PYNQ_301: OBJECT DETECTION¶


The aim of this notebook is to:

  • Understand what is YOLOv3 and VOC.
  • Learn how to use the YOLOv3 model to detect objects in an image and a webcam feed.
  • Learn how to display information on an OLED.

Usefull Term Cheat Sheet:¶

Here is a cheat sheet of some usefull terms that may pop up in this notebook. As always, feel free to ask me (Aamir) any questions!

Term Description
DPU Data Processing Unit
YOLO This is the object detection algorithm we are using!
Overlay Overlays are designs for the FPGA
FPGA Field Programmable Gate Array. This is a special kind of chip that we can reprogram to do many different tasks very efficiently!
Array Another word for list. Multiple variables or items stored under one variable name.
Tensor A multidementional array also known as a matrix. (arrays within arrays)

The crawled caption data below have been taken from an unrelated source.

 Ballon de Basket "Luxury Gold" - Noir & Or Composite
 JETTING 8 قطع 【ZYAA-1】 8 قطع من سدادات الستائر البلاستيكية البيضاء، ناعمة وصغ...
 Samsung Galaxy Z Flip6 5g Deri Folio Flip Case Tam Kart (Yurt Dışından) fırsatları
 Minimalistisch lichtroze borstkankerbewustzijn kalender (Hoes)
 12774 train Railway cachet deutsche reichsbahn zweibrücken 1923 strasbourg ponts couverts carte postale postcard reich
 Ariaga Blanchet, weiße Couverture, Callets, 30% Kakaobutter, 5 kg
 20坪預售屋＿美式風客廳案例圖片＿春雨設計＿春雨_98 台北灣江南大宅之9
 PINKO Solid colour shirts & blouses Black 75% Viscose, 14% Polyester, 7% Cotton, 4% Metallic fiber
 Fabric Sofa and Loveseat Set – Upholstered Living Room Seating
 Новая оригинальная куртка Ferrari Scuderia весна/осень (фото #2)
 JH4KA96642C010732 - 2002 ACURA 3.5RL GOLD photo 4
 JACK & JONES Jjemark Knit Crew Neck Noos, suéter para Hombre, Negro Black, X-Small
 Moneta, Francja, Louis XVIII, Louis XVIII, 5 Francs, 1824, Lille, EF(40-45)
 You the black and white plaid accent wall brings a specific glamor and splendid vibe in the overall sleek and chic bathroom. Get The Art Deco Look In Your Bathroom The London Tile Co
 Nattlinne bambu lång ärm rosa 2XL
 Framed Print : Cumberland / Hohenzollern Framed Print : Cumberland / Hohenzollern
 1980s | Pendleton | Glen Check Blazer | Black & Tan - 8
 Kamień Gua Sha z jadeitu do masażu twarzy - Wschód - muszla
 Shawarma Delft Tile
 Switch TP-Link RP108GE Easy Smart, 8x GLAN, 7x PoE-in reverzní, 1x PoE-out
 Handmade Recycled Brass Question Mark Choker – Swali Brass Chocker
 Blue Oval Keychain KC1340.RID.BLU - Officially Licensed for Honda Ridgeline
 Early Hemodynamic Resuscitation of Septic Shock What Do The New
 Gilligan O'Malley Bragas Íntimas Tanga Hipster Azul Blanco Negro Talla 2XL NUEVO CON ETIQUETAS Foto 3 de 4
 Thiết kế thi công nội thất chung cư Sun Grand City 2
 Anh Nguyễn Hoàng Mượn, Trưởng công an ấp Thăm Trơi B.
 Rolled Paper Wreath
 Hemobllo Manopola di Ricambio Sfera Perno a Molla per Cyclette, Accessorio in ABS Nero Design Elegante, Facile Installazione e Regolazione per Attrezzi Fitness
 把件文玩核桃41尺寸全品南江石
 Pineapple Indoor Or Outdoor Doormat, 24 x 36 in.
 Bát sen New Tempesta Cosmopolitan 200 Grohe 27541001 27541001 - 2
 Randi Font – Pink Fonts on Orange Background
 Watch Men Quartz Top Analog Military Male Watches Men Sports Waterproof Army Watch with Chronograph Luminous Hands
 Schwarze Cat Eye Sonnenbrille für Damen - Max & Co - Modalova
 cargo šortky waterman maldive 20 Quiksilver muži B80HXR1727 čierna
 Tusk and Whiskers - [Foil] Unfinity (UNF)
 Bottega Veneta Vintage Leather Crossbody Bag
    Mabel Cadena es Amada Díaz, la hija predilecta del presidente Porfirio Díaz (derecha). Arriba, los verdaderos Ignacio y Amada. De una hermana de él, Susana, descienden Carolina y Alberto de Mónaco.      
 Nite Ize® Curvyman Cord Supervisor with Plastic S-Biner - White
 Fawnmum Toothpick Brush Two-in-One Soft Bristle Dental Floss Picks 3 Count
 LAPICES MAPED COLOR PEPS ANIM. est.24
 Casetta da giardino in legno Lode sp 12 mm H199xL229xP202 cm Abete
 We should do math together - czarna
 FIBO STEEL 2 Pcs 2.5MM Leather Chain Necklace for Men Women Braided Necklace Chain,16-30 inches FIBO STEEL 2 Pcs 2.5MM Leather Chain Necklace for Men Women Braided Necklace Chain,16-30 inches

| Anchors | They are a set of predefined bounding boxes of a certain height and width. | OLED | We will use an Organic light emitting diode (OLED) display to display some useful information after predictions.

image.png

What is YOLO?¶


image-2.png

You only look once (YOLO) is a Convolutional Neural Network (CNN) for performing object detection in real-time. CNNs are classifier-based systems that can process input images as structured arrays of data and recognize patterns between them.

What is VOC?¶


VOC is a dataset which contains data from the PASCAL Visual Object Classes Challenge. A total of 11540 images are included in this dataset, where each image contains a set of objects, out of 20 different classes, making a total of 27450 annotated objects.
image-3.png
image-4.png

Hardware Setup¶


1. KRIA KV260 Board
image-2.png

2. PYNQ Grove Adapter
image.png

3. OLED Display
image-3.png

4. Webcam
image-5.png

Let's get started¶


1. Prepare the overlay¶

We will download the overlay onto the board.

In [ ]:
from pynq_dpu import DpuOverlay
from pynq_peripherals import PmodGroveAdapter
overlay = DpuOverlay("dpu.bit")
In [ ]:
# Initiate pmod adapter. G4 indicates that the OLED is connected to the G4 slot on the PYNQ Grove Adapter
adapter = PmodGroveAdapter(overlay.PMODA, G4='grove_oled')

2. Utility functions¶

In this section, we will prepare a few functions for later use.

In [ ]:
# Lets import some libraries we will need later on:
import os                                  # The os library provides some functions for interacting with your operation system
import time                                # The time library provides some time related functions 
import numpy as np                         # numpy or np is a library for processing numerical data.
import cv2                                 # cv2 is a library for image processing which we need later
import random                              # This module help in generating pseudo-random number generators
import colorsys                            # This module helps in creating bidrectional conversions of color values
from matplotlib.patches import Rectangle   # This module is used to plot rectangles
import matplotlib.pyplot as plt            # Used to create a figure/ plot areas in a figure, plot lines in a figure
from IPython.display import display, Image # Imports public APIs for display tools in IPython

# This line enables matplotlib graphs to be included in the notebook, next to the code
%matplotlib inline                        

Now we'll load the yolov3 xmodel which is trained on the voc dataset.

In [ ]:
overlay.load_model("tf_yolov3_voc.xmodel")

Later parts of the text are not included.